** What you should do **
The required output is the line that contains "WaterGuard interior perimeter" plus every line after it in the listing below, copied exactly as it appears.

** Provided data **

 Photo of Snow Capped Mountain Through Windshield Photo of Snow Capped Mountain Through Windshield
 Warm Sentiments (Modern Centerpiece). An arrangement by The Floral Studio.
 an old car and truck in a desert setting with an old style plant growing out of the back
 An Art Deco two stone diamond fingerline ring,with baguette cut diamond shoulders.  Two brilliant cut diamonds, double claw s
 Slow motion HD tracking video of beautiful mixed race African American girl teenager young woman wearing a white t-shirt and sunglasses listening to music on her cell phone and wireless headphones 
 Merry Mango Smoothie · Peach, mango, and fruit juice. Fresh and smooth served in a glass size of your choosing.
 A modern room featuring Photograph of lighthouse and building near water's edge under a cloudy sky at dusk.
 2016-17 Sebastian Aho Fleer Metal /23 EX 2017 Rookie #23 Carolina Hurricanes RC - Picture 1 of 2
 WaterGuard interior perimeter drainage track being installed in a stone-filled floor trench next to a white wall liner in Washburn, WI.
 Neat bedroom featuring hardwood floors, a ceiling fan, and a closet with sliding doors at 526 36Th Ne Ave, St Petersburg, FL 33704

** Written solution **
 WaterGuard interior perimeter drainage track being installed in a stone-filled floor trench next to a white wall liner in Washburn, WI.
 Neat bedroom featuring hardwood floors, a ceiling fan, and a closet with sliding doors at 526 36Th Ne Ave, St Petersburg, FL 33704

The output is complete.